Si malgré tout vous trouvez que votre 600 mm est trop encombrant, bonne nouvelle : la prochaine génération devrait être plus compacte. En fait, au pifomètre, le prototype présenté devait faire à peu près la longueur habituelle d’un 400 mm (pas le dernier 400 mm DO, qui fait la taille habituelle d’un 300 mm, suivez un peu !). Bien entendu, le produit fini ne ressemblera pas à ça ; en particulier, le support des éléments antérieurs sera largement revu — sur ce proto, il déborde de deux bons centimètres autour de la lentille frontale.
Là encore, Canon a fait dans la correction optique aux petits oignons et communique beaucoup autour de son optique réfractive dans le spectre bleu, baptisée BR. Il s’agit d’un élément dont l’indice de réfraction évolue de manière différente des verres normaux, entraînant une dispersion marquée des faibles longueurs d’onde (bleu-violet), sans que la dispersion du reste du spectre (du rouge au vert) soit réellement modifiée. Il permet ainsi de diminuer l’aberration chromatique en contrant celle qui reste avec les corrections classiques. Sur le papier, la performance est intéressante, mais il faut noter que le principe n’a absolument rien de neuf : utiliser des verres dont les courbes de réfraction diffèrent pour annuler la dispersion chromatique, c’est le principe même du doublet achromatique, inventé dès le 18è siècle et amélioré avec le triplet apochromatique.

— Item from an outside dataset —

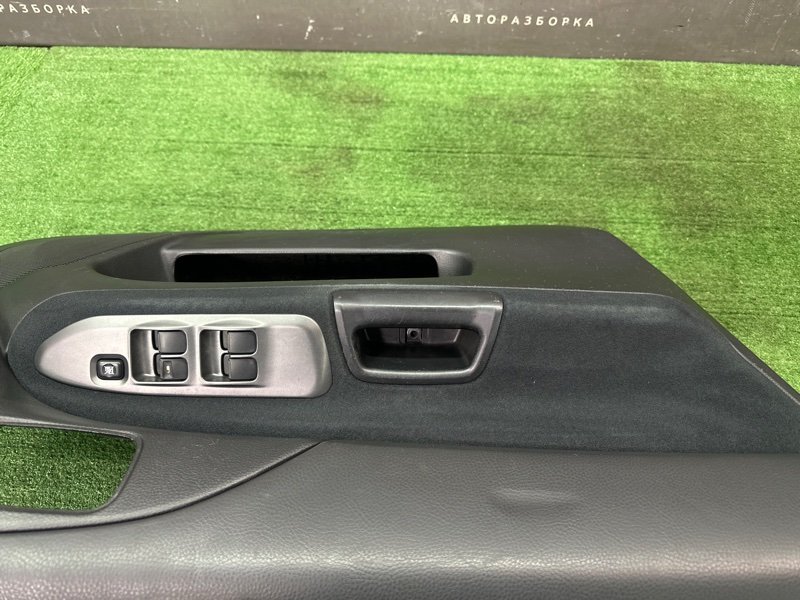 Обшивка двери Mitsubishi Lancer 9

Sur ce coup-là, Canon a donc apporté un nouveau peaufinage plutôt qu’une idée nouvelle et, s’il sera intéressant de vérifier l’efficacité de cet objectif à sa sortie, ça ne méritait peut-être pas autant de battage.
¹ Notons en passant que Canon a du mal à mesurer des distances : dans la vidéo, ils placent l’appareil vers Marly, puis annoncent que la tour Eiffel est à 13 milles (soit 21 km) et la Défense à 9,3 milles (15 km). La Défense étant étalée entre 4,5 et 5,5 km de la tour Eiffel, il n’y a pas un point sur Terre qui corresponde à ces mesures, et sûrement pas vers Marly. (En fait, je pense qu’ils ont juste confondu milles et kilomètres, mais je n’ai pas identifié avec certitude le point de prise de vue.)
² Ceci est un troll gratuit, ne prenez pas cette phrase au sérieux. Mais la construction a vraiment débuté en 1991, la mise en service datant de 1999.